(Source records)
◇ ◇ ◇ ◇ ◇ ◇ ◇
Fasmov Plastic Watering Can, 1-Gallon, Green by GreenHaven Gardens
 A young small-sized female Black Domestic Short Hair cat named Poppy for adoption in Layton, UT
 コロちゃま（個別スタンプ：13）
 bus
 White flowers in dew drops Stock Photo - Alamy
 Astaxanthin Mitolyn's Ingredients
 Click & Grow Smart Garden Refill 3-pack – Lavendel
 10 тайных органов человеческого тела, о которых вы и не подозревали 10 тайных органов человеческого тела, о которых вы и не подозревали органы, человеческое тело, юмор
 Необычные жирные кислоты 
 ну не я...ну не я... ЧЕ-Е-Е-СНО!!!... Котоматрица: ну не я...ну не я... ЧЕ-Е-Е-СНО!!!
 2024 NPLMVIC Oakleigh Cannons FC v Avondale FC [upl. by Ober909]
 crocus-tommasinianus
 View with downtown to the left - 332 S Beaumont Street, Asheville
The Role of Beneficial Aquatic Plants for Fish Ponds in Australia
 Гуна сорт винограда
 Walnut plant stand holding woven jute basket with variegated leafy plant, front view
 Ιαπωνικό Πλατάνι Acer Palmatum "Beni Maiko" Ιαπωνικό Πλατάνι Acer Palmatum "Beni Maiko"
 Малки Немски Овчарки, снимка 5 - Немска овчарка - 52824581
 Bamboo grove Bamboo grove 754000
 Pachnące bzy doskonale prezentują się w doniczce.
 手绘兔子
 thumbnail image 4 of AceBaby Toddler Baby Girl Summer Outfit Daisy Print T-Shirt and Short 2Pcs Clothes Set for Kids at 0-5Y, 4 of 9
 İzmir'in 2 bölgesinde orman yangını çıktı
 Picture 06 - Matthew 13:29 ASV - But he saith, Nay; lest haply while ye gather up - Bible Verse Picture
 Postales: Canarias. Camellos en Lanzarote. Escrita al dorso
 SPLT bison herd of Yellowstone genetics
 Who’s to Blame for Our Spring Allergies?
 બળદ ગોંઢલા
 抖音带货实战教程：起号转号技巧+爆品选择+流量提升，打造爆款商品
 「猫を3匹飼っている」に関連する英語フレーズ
◇ ◇ ◇ ◇ ◇ ◇ ◇
*Exercise goal*
Repeat only the stretch of lines that opens with the line containing "2024 NPLMVIC Oakleigh" and closes with the final line of the entries, both included, exactly as written.

*Task output*
 2024 NPLMVIC Oakleigh Cannons FC v Avondale FC [upl. by Ober909]
 crocus-tommasinianus
 View with downtown to the left - 332 S Beaumont Street, Asheville
The Role of Beneficial Aquatic Plants for Fish Ponds in Australia
 Гуна сорт винограда
 Walnut plant stand holding woven jute basket with variegated leafy plant, front view
 Ιαπωνικό Πλατάνι Acer Palmatum "Beni Maiko" Ιαπωνικό Πλατάνι Acer Palmatum "Beni Maiko"
 Малки Немски Овчарки, снимка 5 - Немска овчарка - 52824581
 Bamboo grove Bamboo grove 754000
 Pachnące bzy doskonale prezentują się w doniczce.
 手绘兔子
 thumbnail image 4 of AceBaby Toddler Baby Girl Summer Outfit Daisy Print T-Shirt and Short 2Pcs Clothes Set for Kids at 0-5Y, 4 of 9
 İzmir'in 2 bölgesinde orman yangını çıktı
 Picture 06 - Matthew 13:29 ASV - But he saith, Nay; lest haply while ye gather up - Bible Verse Picture
 Postales: Canarias. Camellos en Lanzarote. Escrita al dorso
 SPLT bison herd of Yellowstone genetics
 Who’s to Blame for Our Spring Allergies?
 બળદ ગોંઢલા
 抖音带货实战教程：起号转号技巧+爆品选择+流量提升，打造爆款商品
 「猫を3匹飼っている」に関連する英語フレーズ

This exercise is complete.